*** INFORMATION GIVEN ***

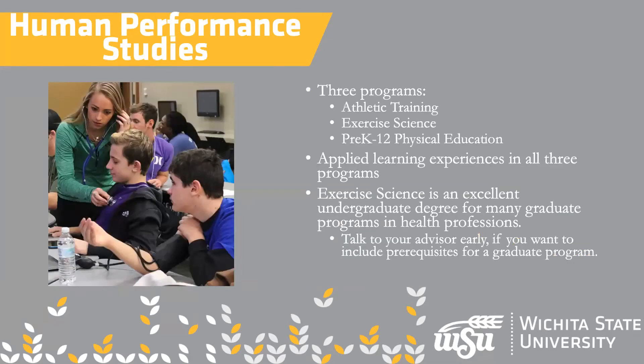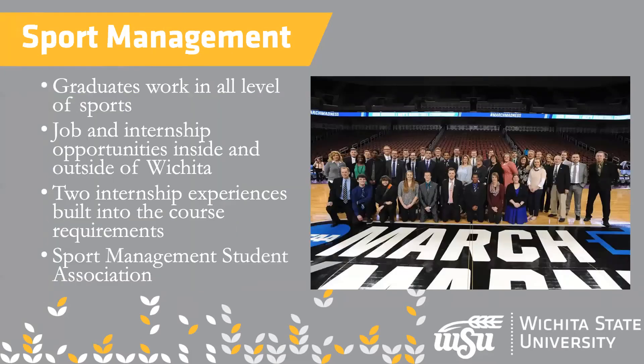This is human performance studies, which includes physical education for teacher ed, but also exercise science and athletic training. There are a number of programs under this, including pre-physical therapy — a lot of things that will lead to graduate programs. Of course, teacher education leads to graduate programs too, but in these programs you want to let your advisor know right away if you're headed toward grad school, because it's very important to get those prerequisites on track.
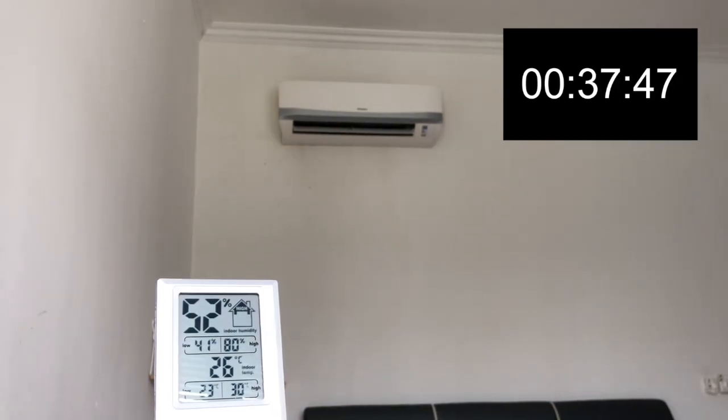So now it's about 38 minutes since I first started the aircon. Now I feel like I'm in a real aircon room — not like just now where it was just comfortable. Now it's cold and comfortable, though it's not like going into a shopping mall or hotel that is very cold. But this is like being in a real aircon room.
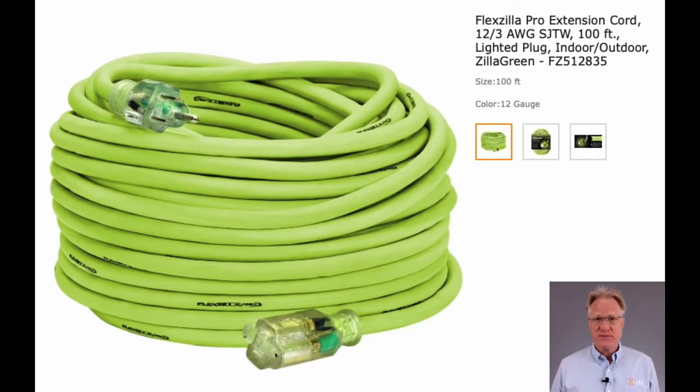Let me set the stage. Extension cords, for a given cable size and voltage, are limited to the amount of power you can get from them.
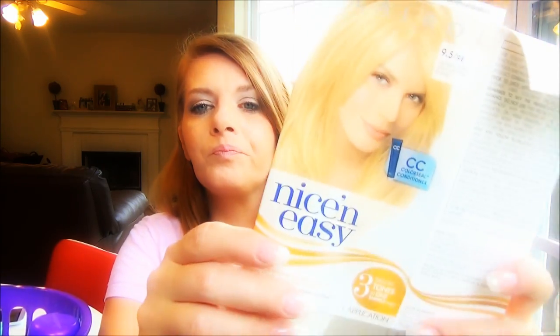The Clairol Nice and Easy extra light neutral blonde is something I've been experimenting with. I'm lightening my hair gradually because my roots are gray. The formula really does give you highlights and lowlights. It took my brown hair down pretty well — I had to use two boxes, but it worked great. My hair is thick and growing, and Nice and Easy is really nice and easy, so I'm loving that.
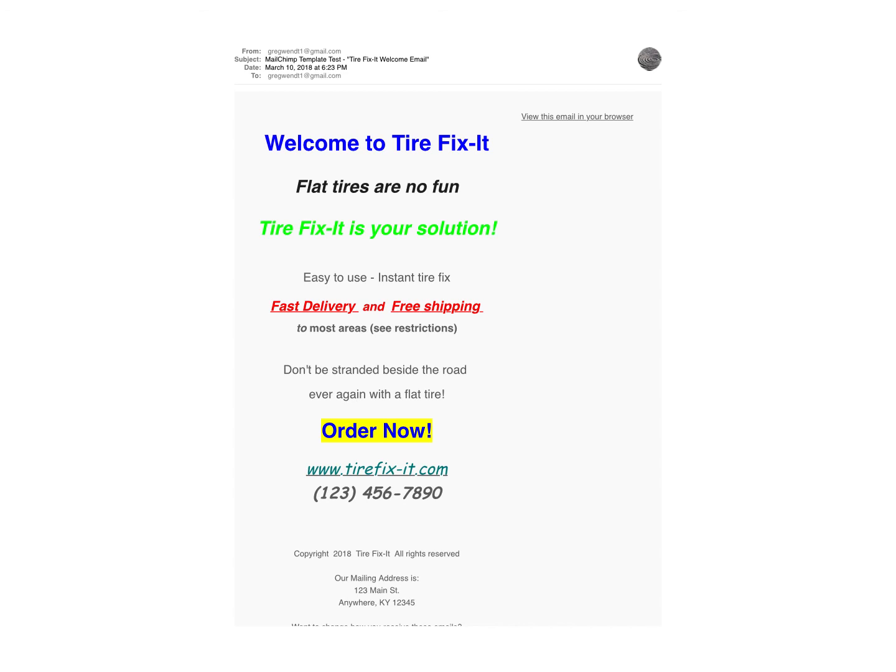This is a copy of the first email that will go out. At the bottom there is a button to click to order, the website link, and a phone number.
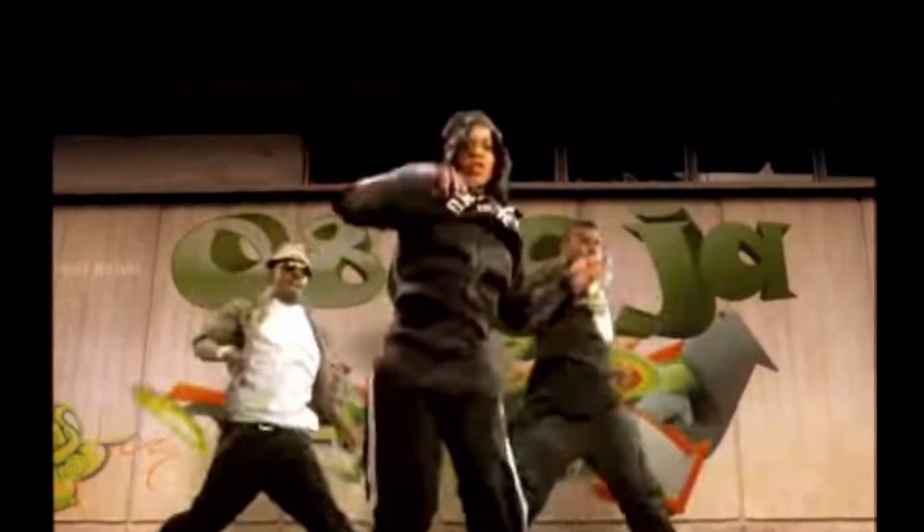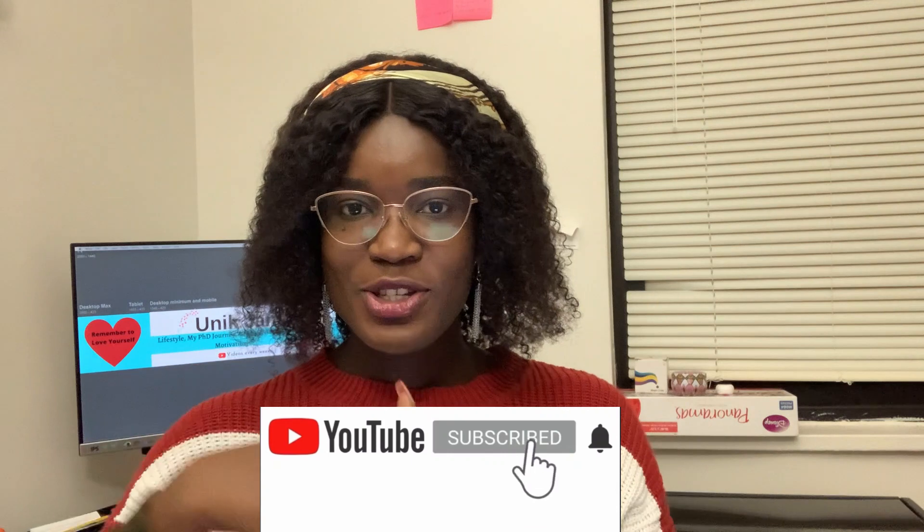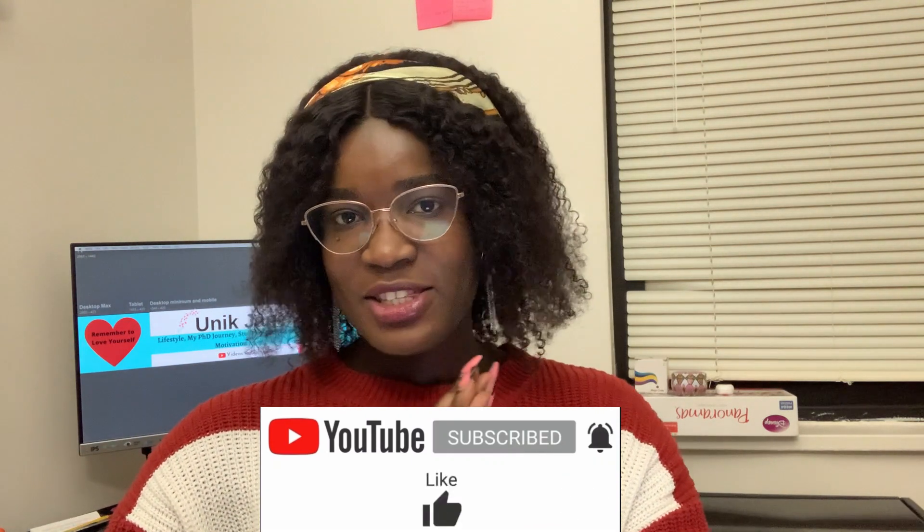Hello, welcome to my channel. My name is Jane and I am currently a chemical engineering PhD candidate here in New York, and I am from Niger.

***

• [WHAT NEEDS TO BE DONE]: Without the pictures, return the records above exactly as written.

• [YOUR RESPONSE]:
This is human performance studies, which includes physical education for teacher ed, but also exercise science and athletic training. There are a number of programs under this, including pre-physical therapy — a lot of things that will lead to graduate programs. Of course, teacher education leads to graduate programs too, but in these programs you want to let your advisor know right away if you're headed toward grad school, because it's very important to get those prerequisites on track.
So now it's about 38 minutes since I first started the aircon. Now I feel like I'm in a real aircon room — not like just now where it was just comfortable. Now it's cold and comfortable, though it's not like going into a shopping mall or hotel that is very cold. But this is like being in a real aircon room.
Let me set the stage. Extension cords, for a given cable size and voltage, are limited to the amount of power you can get from them.
The Clairol Nice and Easy extra light neutral blonde is something I've been experimenting with. I'm lightening my hair gradually because my roots are gray. The formula really does give you highlights and lowlights. It took my brown hair down pretty well — I had to use two boxes, but it worked great. My hair is thick and growing, and Nice and Easy is really nice and easy, so I'm loving that.
This is a copy of the first email that will go out. At the bottom there is a button to click to order, the website link, and a phone number.
Hello, welcome to my channel. My name is Jane and I am currently a chemical engineering PhD candidate here in New York, and I am from Niger.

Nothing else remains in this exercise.